**ACTIVITY:**
Nothing but the lines from the one containing "On the main" through the last line of the records belongs in the answer, copied exactly and with the pictures left out.

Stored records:
# # #
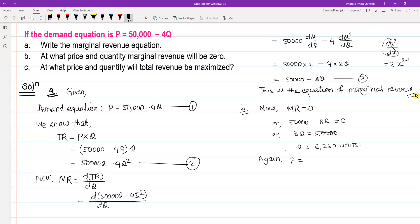Substituting Q = 6,250 back into the demand equation: P = 50,000 minus 4 times 6,250 = 50,000 minus 25,000 = 25,000. So the price is 25,000.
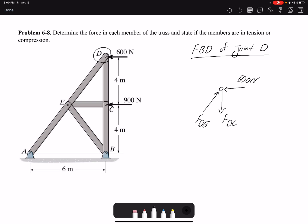You could assume a direction and if you get a negative value that means the direction you assumed is incorrect. For this problem, we know that if 600 newtons is acting in the negative x direction, we need a force to cancel it — that would be force FDE to the right. Since FDE has a component in positive y, we need a component in negative y, so FDC is going downwards. We are dealing with a 3-4-5 triangle.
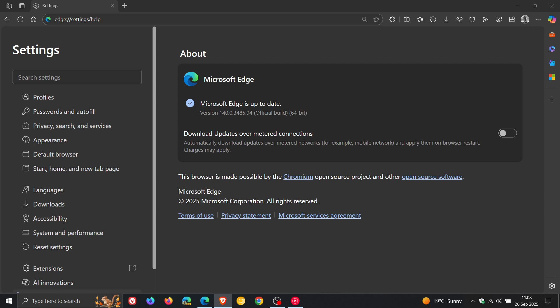And then number two and number three that have been patched are listed as Integer Overflow in the V8 JavaScript engine. So three security fixes have rolled out this week for Microsoft Edge.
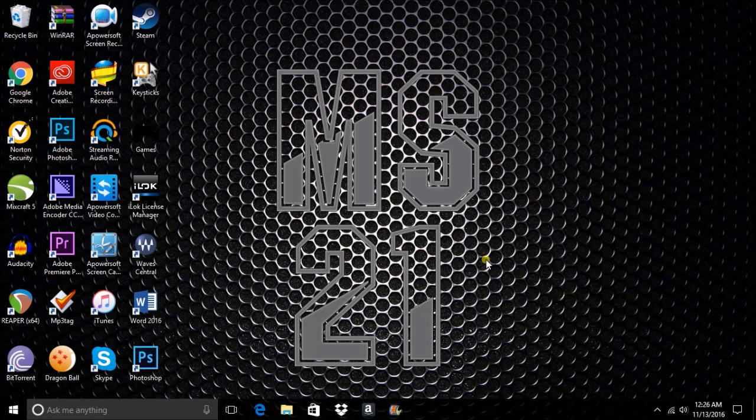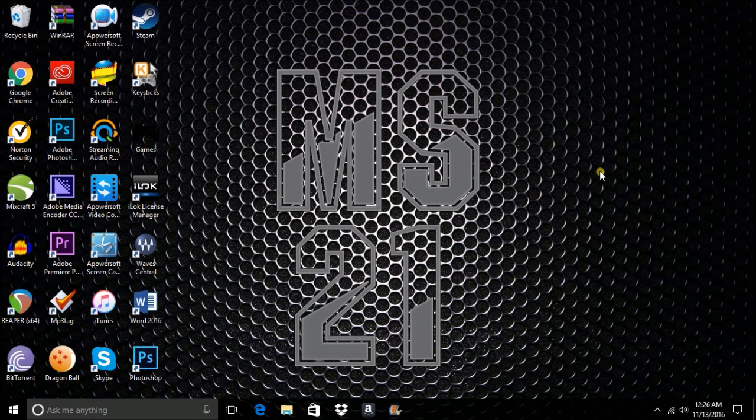So what you guys are actually looking at is basically my computer. I have a lot of programs as you can see right here, and here is a sneak peek of what the new logo looks like for the channel.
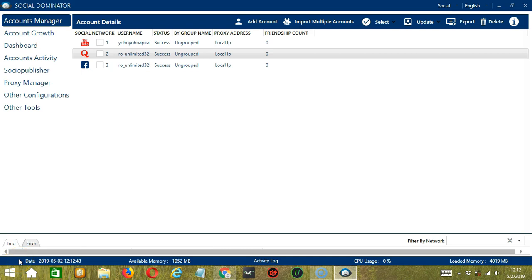Hello viewers, this is a tutorial on how to automate report user on Quora using Socinator. If there are Quora users you want to report, Socinator can help you out.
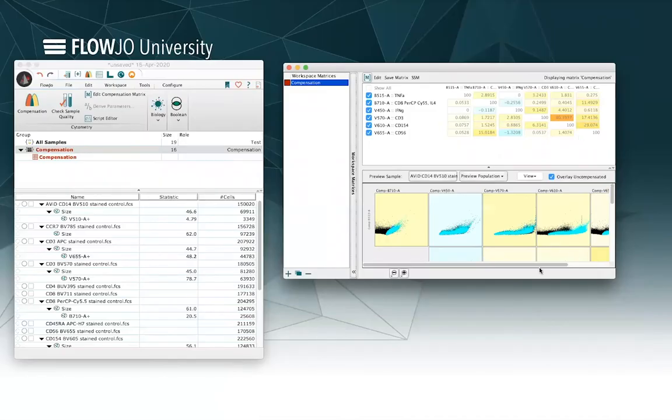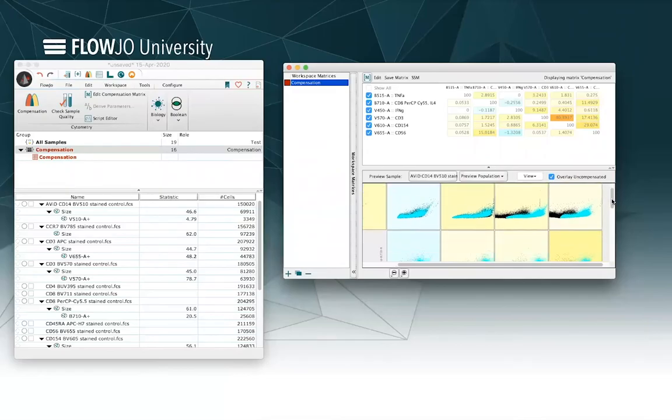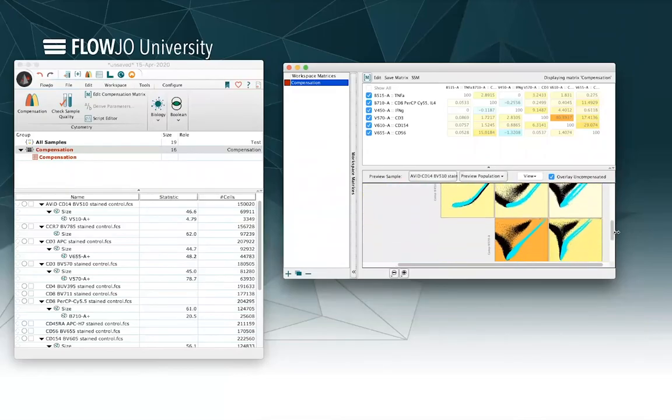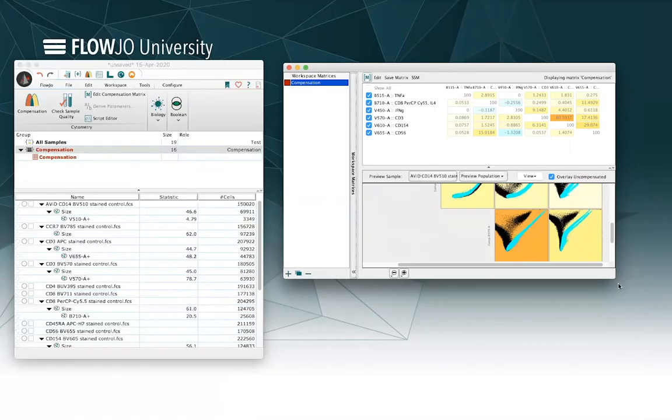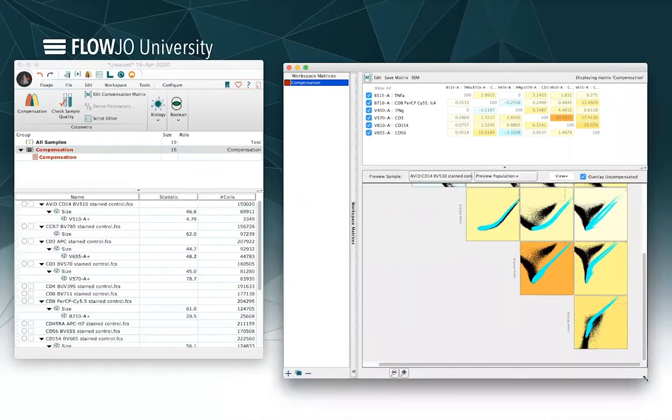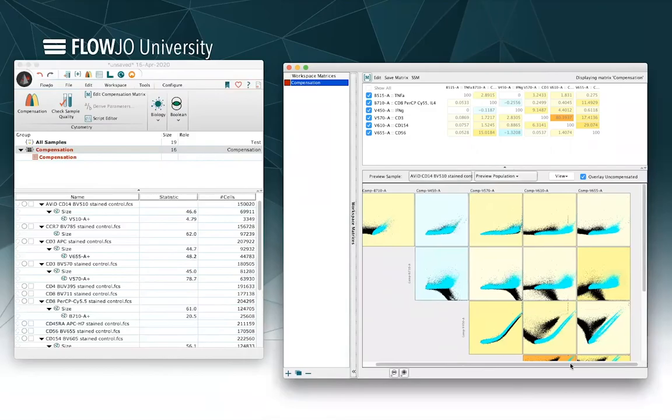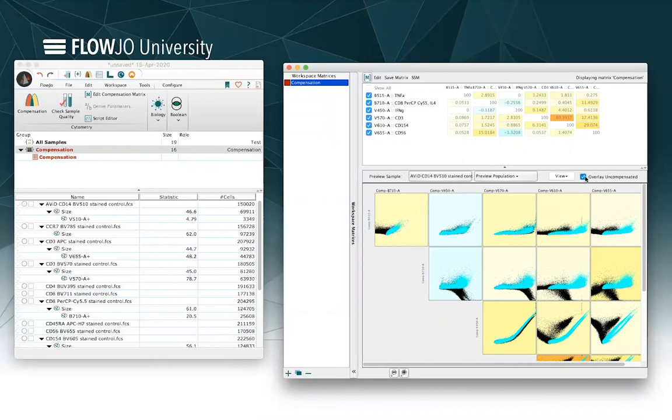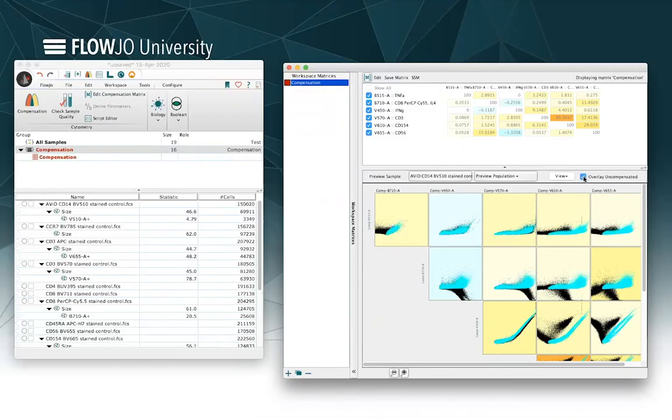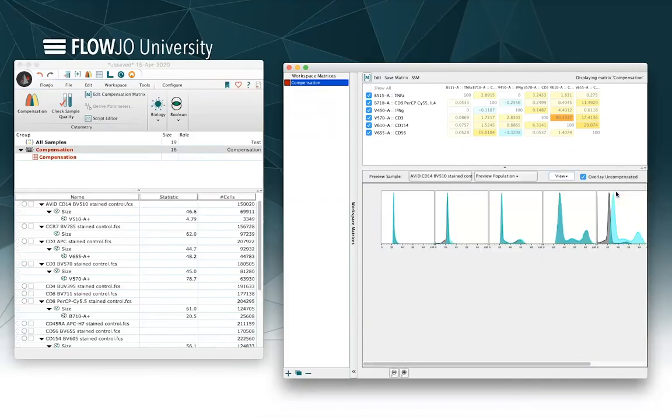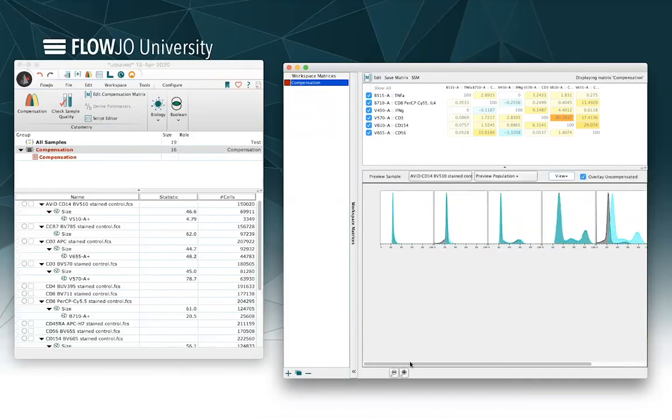If you want to just visualize the way that compensation is changing your data, you can look through this n by n graphic which will show you each parameter versus every conjugate parameter to see how that's changing your data. Your uncompensated data is obviously shown in the turquoise green here, and if we uncheck that box you'll see compensated values are in black in the background. And you can also view this by a particular parameter or you can just look at all the histograms if you'd rather see this in a univariate space. Sometimes that's a little bit more simple.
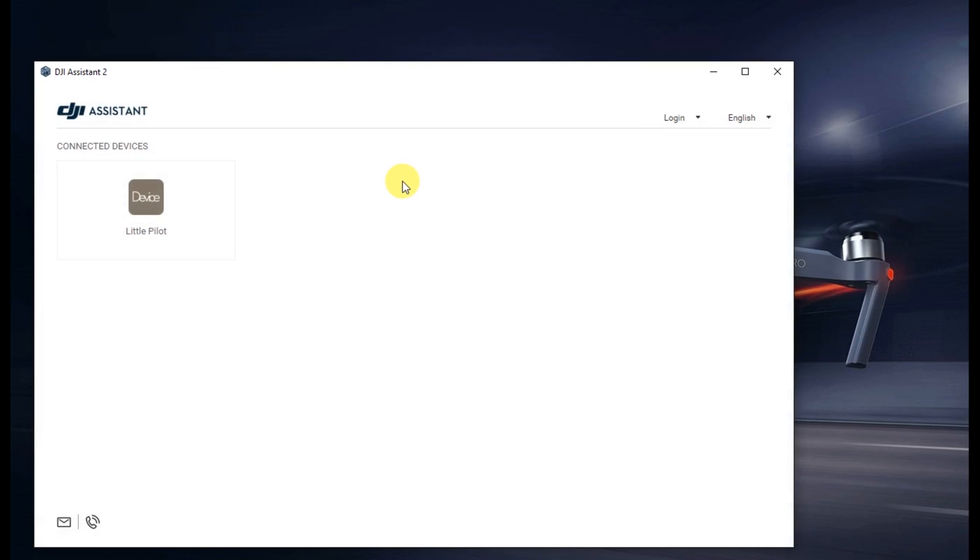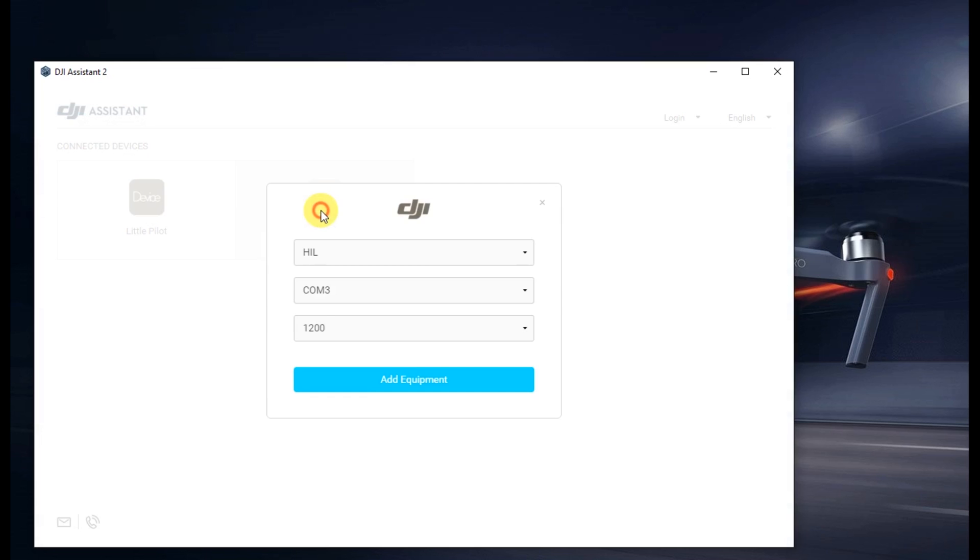On the main screen here you basically hit Control F9 and you get a little thing here that says add equipment. You get three options here.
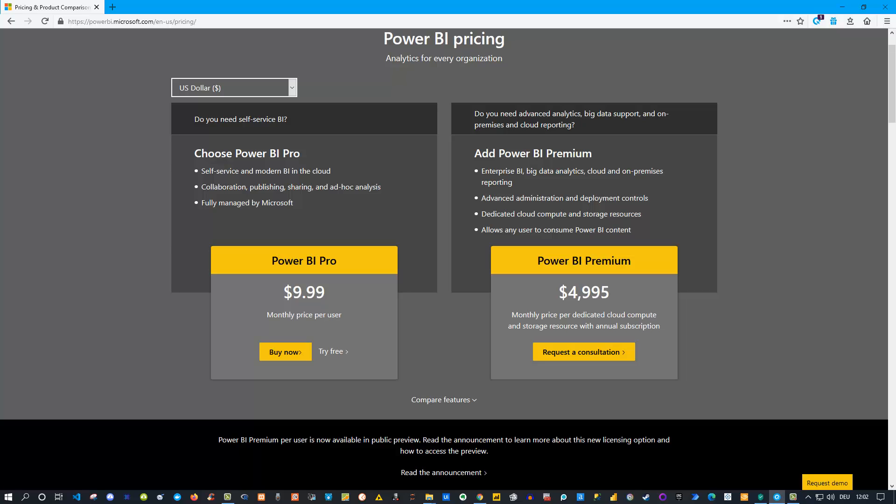Hello and welcome back to a new Power BI video. I was asked whether I can talk about the difference between Power BI Pro and Power BI Premium.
# # #
**REPLY TO THE EXERCISE:**
On the main screen here you basically hit Control F9 and you get a little thing here that says add equipment. You get three options here.
Hello and welcome back to a new Power BI video. I was asked whether I can talk about the difference between Power BI Pro and Power BI Premium.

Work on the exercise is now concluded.